- **What is expected**
What is wanted is an exact copy of the lines from the top of the listing through the line containing "Read Hentai Image".

>>

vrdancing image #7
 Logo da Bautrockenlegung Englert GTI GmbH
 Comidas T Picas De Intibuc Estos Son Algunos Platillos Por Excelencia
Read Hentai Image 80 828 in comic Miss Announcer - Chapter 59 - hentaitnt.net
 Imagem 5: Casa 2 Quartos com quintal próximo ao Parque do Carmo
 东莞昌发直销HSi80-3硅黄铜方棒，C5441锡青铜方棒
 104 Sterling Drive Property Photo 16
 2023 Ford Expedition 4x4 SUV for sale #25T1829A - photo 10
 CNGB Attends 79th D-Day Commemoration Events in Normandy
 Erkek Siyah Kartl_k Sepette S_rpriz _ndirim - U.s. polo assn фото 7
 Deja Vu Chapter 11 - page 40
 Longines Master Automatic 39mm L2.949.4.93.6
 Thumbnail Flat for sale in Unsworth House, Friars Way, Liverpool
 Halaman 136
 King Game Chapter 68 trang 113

<<

- **Result of the exercise**
vrdancing image #7
 Logo da Bautrockenlegung Englert GTI GmbH
 Comidas T Picas De Intibuc Estos Son Algunos Platillos Por Excelencia
Read Hentai Image 80 828 in comic Miss Announcer - Chapter 59 - hentaitnt.net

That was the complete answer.